> _EXERCISE_: Restate word for word the lines below from the one that has "Black Retro Palm Tree Beach T-Shirt view 9" through the one that has "Giant Cat Pillow", keeping both and dropping all pictures.
--- ENTRIES PROVIDED Enclosed Below ---
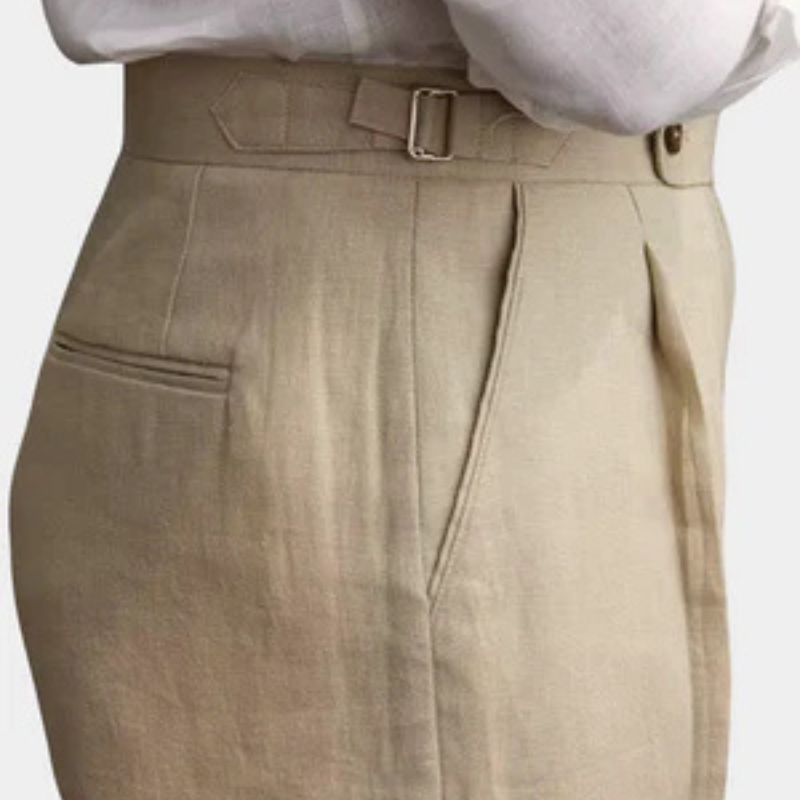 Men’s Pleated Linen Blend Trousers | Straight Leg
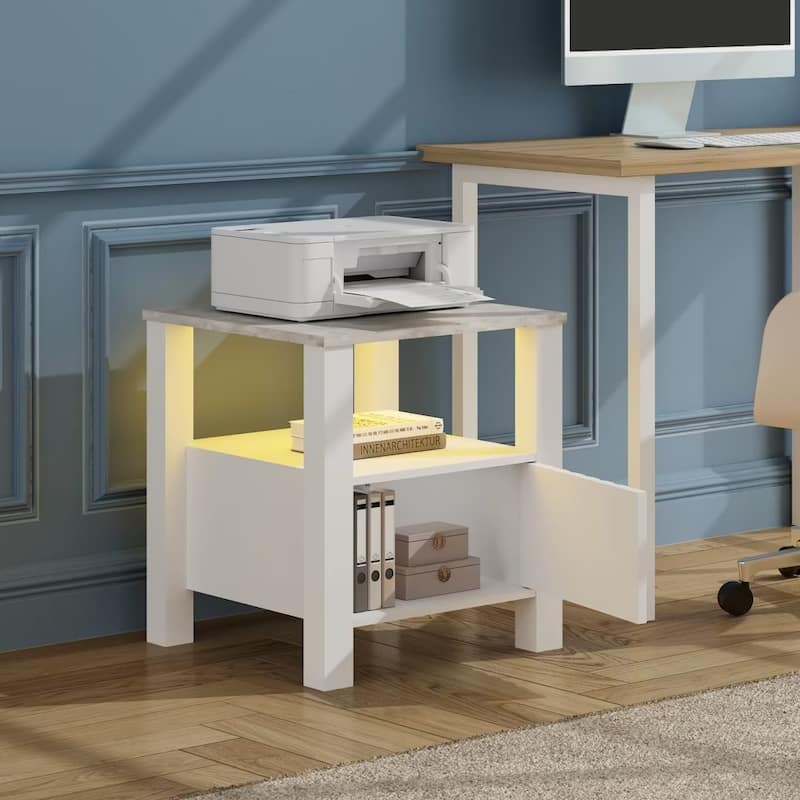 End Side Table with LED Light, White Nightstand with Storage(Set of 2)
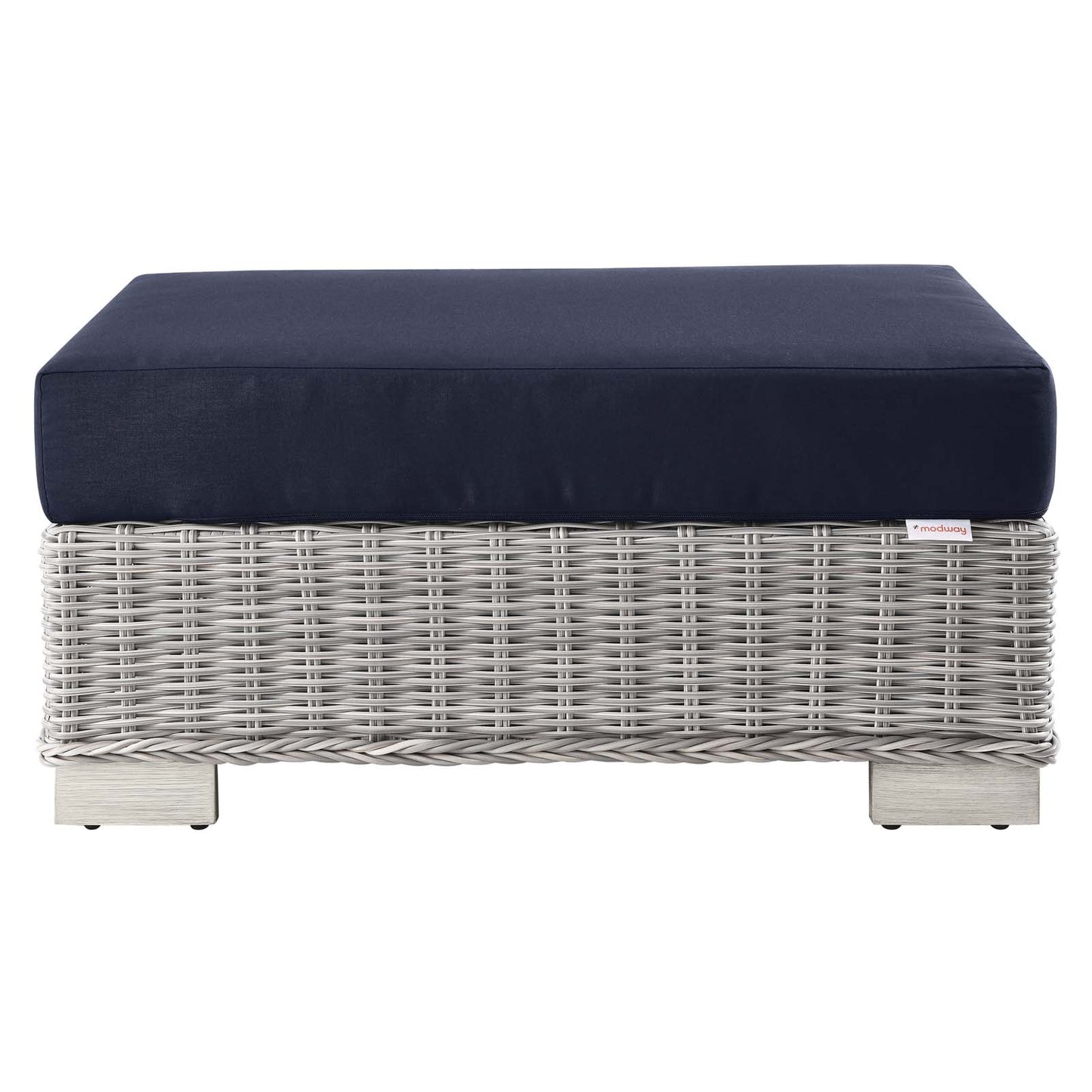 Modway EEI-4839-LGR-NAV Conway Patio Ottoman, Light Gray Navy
--- End of Enclosed ENTRIES PROVIDED ---
--- ENTRIES PROVIDED Enclosed Below ---
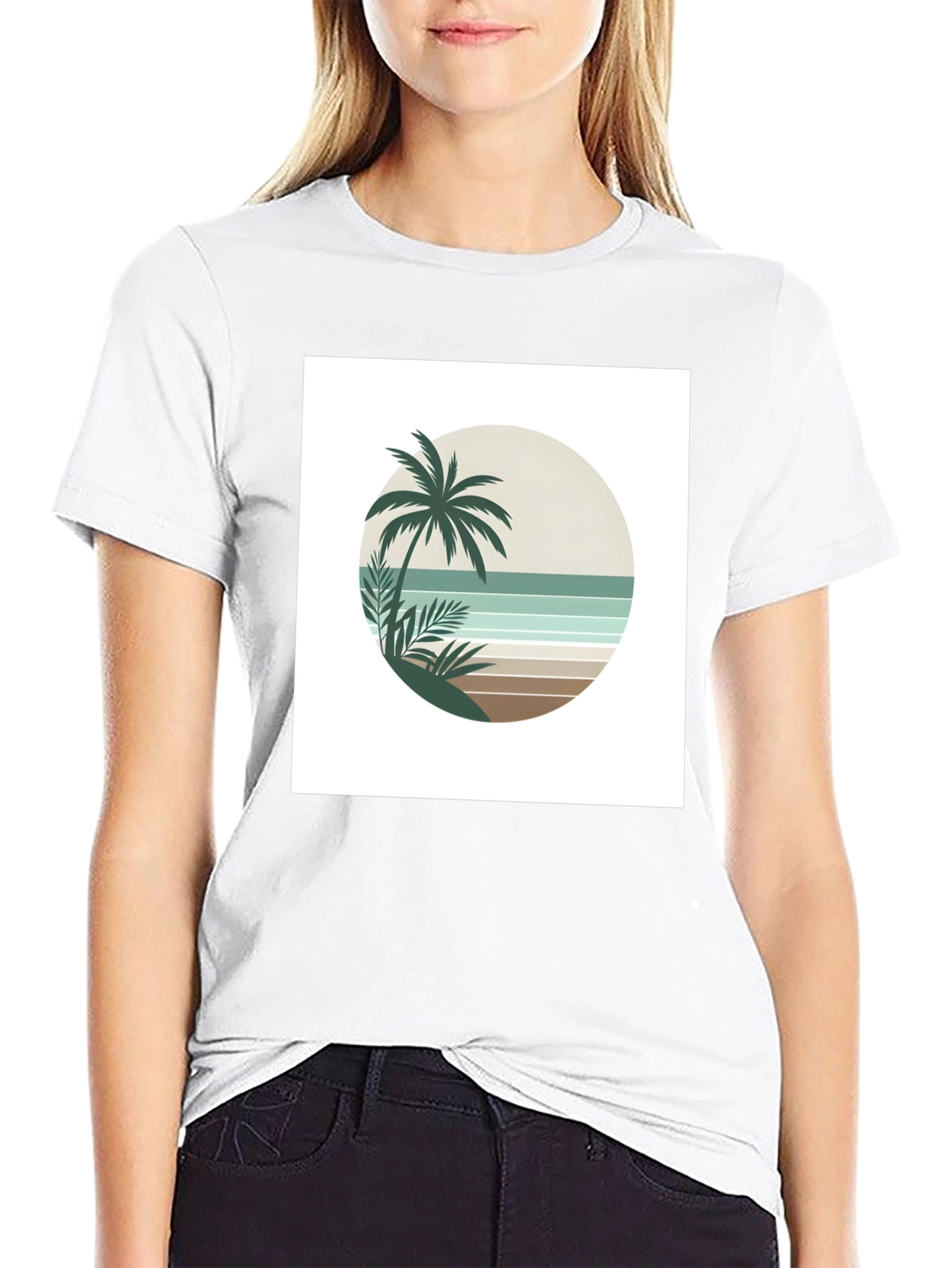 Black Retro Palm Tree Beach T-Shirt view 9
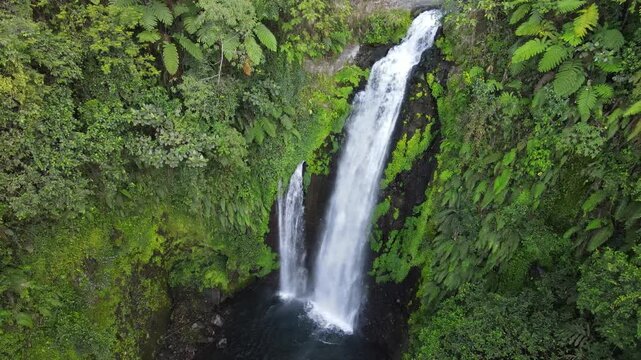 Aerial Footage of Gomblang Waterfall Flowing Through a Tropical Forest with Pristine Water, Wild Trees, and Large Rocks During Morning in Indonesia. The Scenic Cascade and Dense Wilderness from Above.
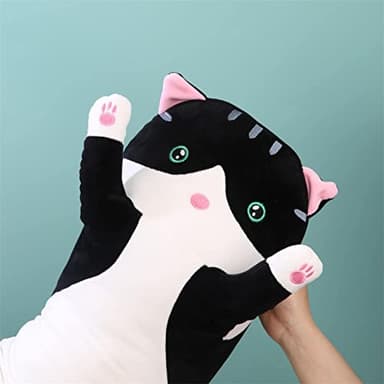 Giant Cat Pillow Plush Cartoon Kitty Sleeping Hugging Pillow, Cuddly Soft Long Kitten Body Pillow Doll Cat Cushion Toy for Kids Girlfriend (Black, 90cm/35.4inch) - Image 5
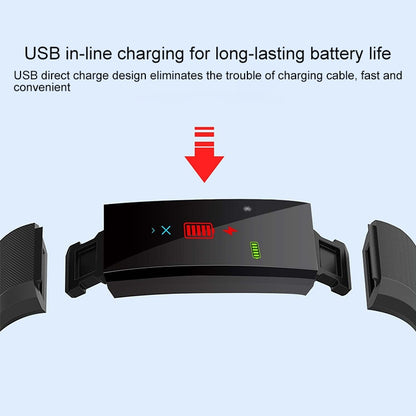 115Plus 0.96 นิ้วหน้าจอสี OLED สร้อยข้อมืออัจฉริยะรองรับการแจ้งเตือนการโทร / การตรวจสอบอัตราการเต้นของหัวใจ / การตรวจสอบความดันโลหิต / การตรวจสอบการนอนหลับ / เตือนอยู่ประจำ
--- End of Enclosed ENTRIES PROVIDED ---
--- ENTRIES PROVIDED Enclosed Below ---
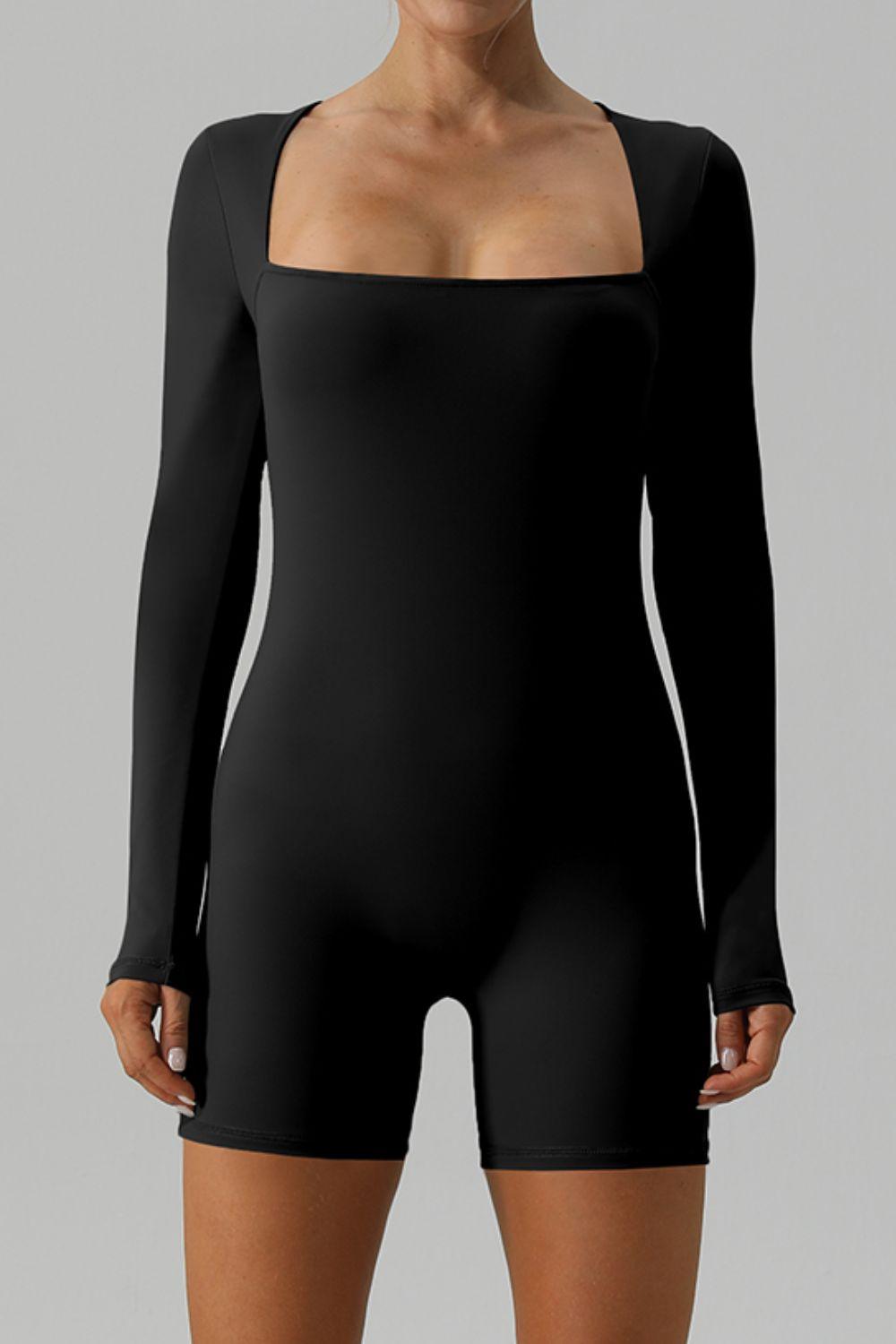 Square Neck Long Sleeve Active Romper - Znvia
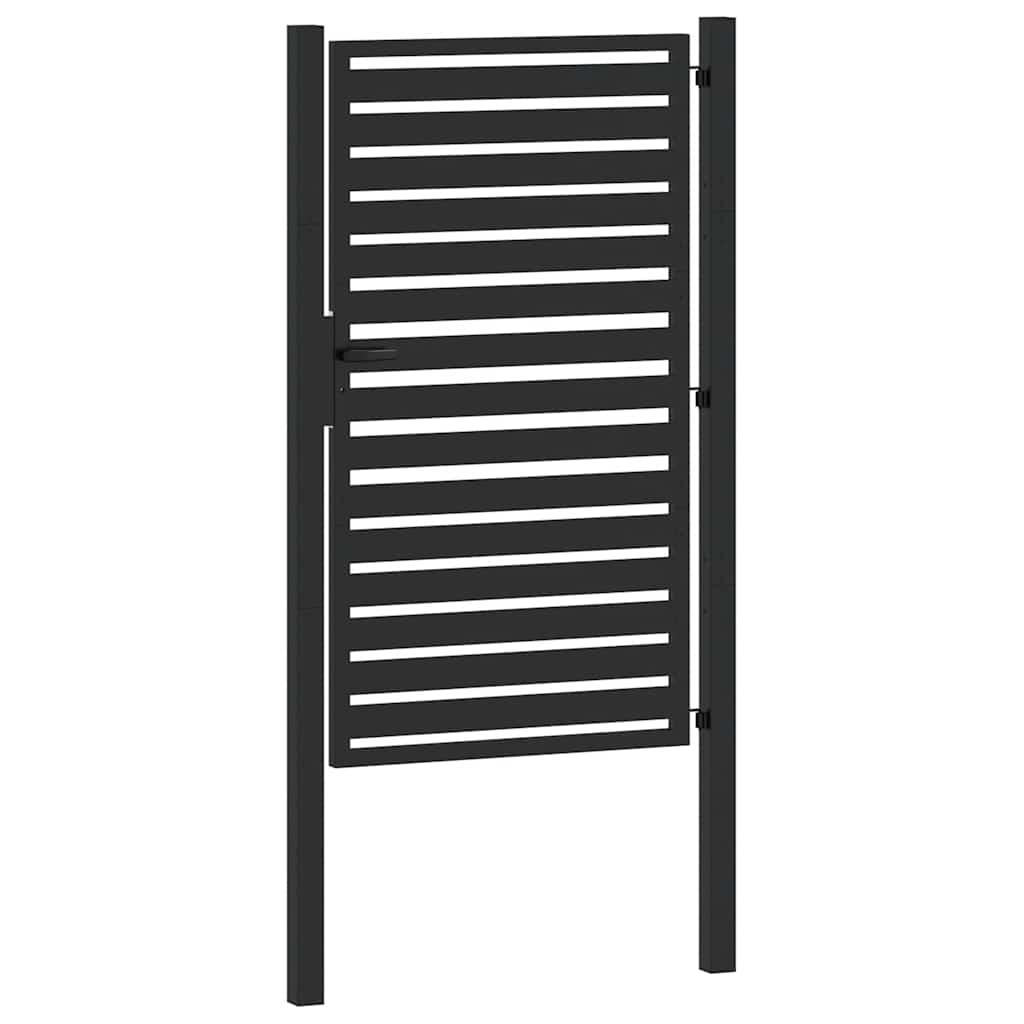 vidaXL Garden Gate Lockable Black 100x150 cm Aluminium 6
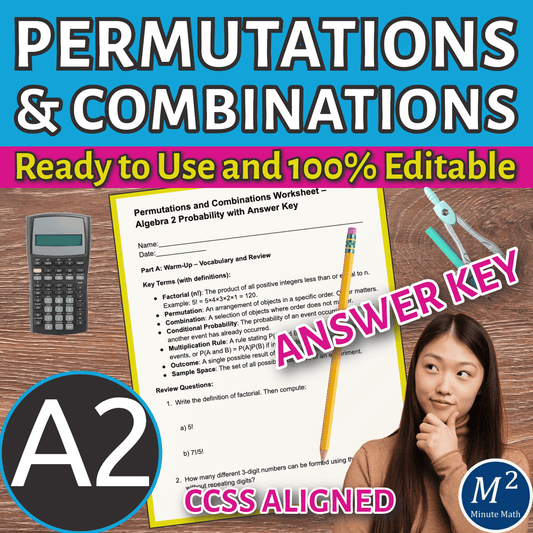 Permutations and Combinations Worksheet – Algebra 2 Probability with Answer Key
--- End of Enclosed ENTRIES PROVIDED ---
> _TASK RESULT_:
 Black Retro Palm Tree Beach T-Shirt view 9
 Aerial Footage of Gomblang Waterfall Flowing Through a Tropical Forest with Pristine Water, Wild Trees, and Large Rocks During Morning in Indonesia. The Scenic Cascade and Dense Wilderness from Above.
 Giant Cat Pillow Plush Cartoon Kitty Sleeping Hugging Pillow, Cuddly Soft Long Kitten Body Pillow Doll Cat Cushion Toy for Kids Girlfriend (Black, 90cm/35.4inch) - Image 5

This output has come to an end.